DATASET:
= = = =
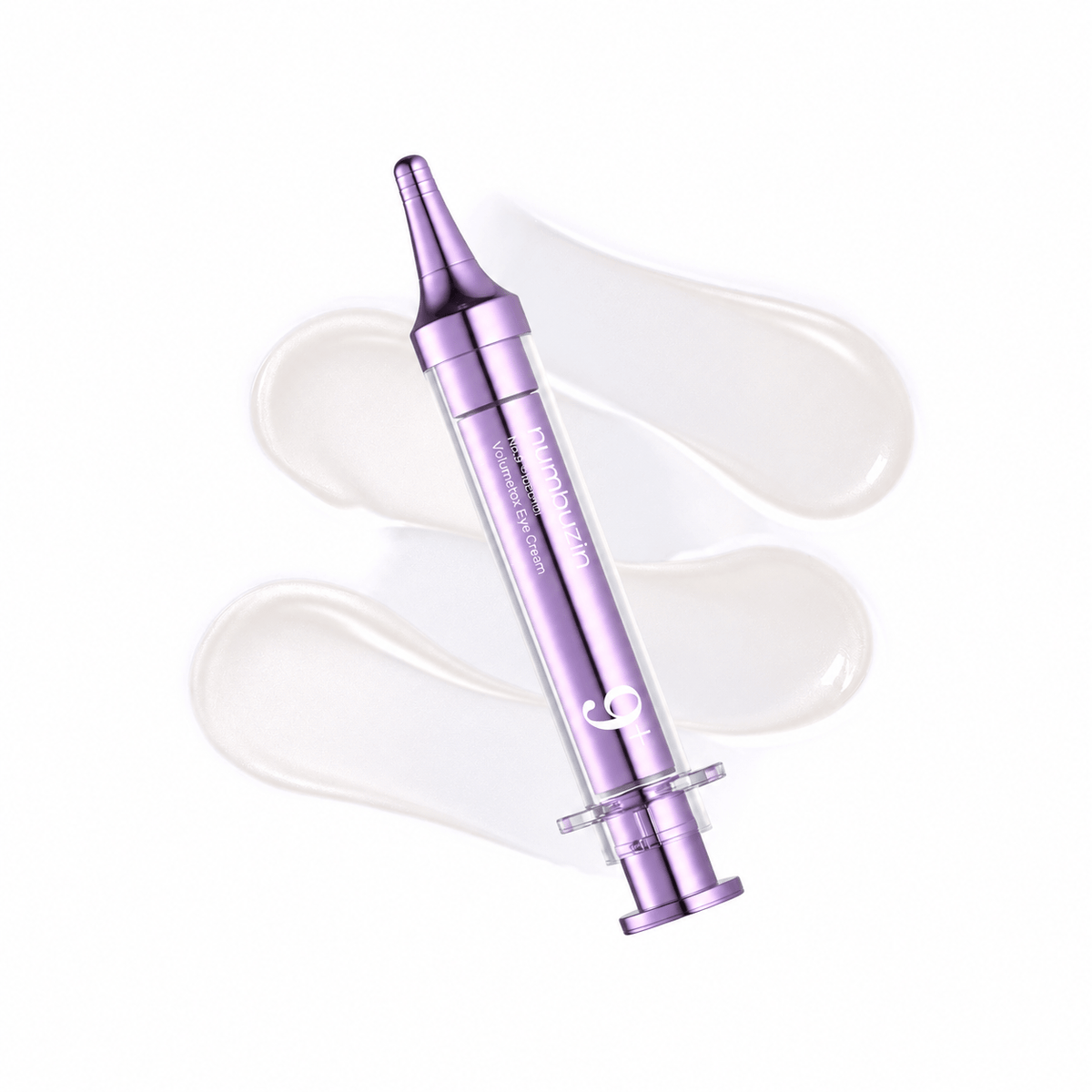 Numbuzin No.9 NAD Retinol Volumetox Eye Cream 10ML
= = = =
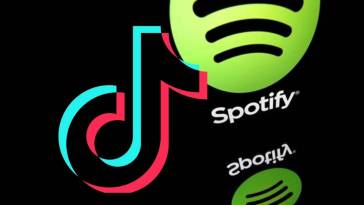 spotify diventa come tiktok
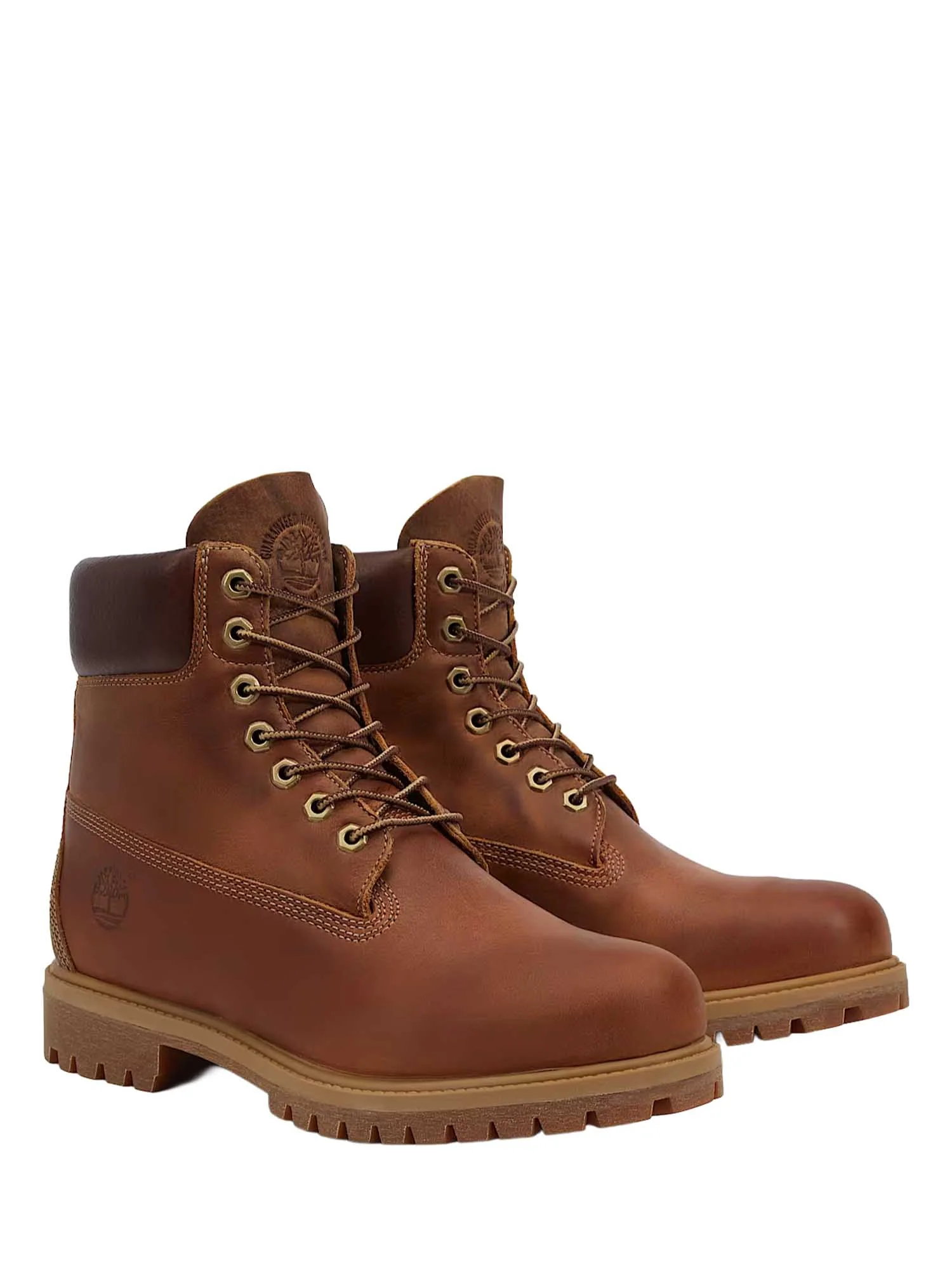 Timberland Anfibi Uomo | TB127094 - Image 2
= = = =
THE TASK:
Lines from the one above containing "spotify diventa come tiktok" down to the one containing "Timberland Anfibi Uomo | TB127094 - Image 2" should be transcribed exactly, with both ends kept and no pictures.

RESULT:
 spotify diventa come tiktok
 Timberland Anfibi Uomo | TB127094 - Image 2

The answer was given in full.